Modified: hadoop/common/branches/branch-0.20-security-204/src/test/system/java/org/apache/hadoop/mapred/TestTaskKilling.java
URL: http://svn.apache.org/viewvc/hadoop/common/branches/branch-0.20-security-204/src/test/system/java/org/apache/hadoop/mapred/TestTaskKilling.java?rev=1136709&r1=1136708&r2=1136709&view=diff
==============================================================================
--- hadoop/common/branches/branch-0.20-security-204/src/test/system/java/org/apache/hadoop/mapred/TestTaskKilling.java (original)
+++ hadoop/common/branches/branch-0.20-security-204/src/test/system/java/org/apache/hadoop/mapred/TestTaskKilling.java Thu Jun 16 22:12:51 2011
@@ -34,7 +34,6 @@ import org.apache.hadoop.mapreduce.test.

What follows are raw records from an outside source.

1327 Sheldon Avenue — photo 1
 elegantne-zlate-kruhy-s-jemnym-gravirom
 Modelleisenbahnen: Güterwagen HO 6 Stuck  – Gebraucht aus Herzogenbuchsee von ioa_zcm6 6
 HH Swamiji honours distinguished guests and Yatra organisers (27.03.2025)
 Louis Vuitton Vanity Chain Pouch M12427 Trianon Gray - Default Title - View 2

 import org.apache.hadoop.mapreduce.test.system.TTClient;
 import org.apache.hadoop.mapreduce.test.system.JTClient;
 import org.apache.hadoop.mapreduce.test.system.FinishTaskControlAction;
-import org.apache.hadoop.mapred.JobClient.NetworkedJob;
 import org.apache.hadoop.io.NullWritable;
 import org.apache.hadoop.io.IntWritable;
 import org.apache.hadoop.io.Text;
@@ -100,7 +99,7 @@ public class TestTaskKilling {
         jtClient.isTaskStarted(taskInfo));
 
     // Fail the running task.
-    NetworkedJob networkJob = jobClient.new NetworkedJob(jInfo.getStatus());
+    RunningJob networkJob = jobClient.getJob(jobId);
     TaskID tID = TaskID.downgrade(taskInfo.getTaskID());
     TaskAttemptID taskAttID = new TaskAttemptID(tID , 0);
     networkJob.killTask(taskAttID, true);
@@ -206,7 +205,7 @@ public class TestTaskKilling {
             taskAttID + " has not been found while task was running.", 
                     isTempFolderExists);
     
-    NetworkedJob networkJob = jobClient.new NetworkedJob(jInfo.getStatus());
+    RunningJob networkJob = jobClient.getJob(id);
     networkJob.killTask(taskAttID, false);
     ttClient.getProxy().sendAction(action);
     taskInfo = remoteJTClient.getTaskInfo(tID);
@@ -353,8 +352,7 @@ public class TestTaskKilling {
         TaskAttemptID tAttID = new TaskAttemptID(taskId, 
             taskInfo.numFailedAttempts());
         while(taskInfo.numFailedAttempts() < MAX_MAP_TASK_ATTEMPTS) {
-          NetworkedJob networkJob = jtClient.getClient().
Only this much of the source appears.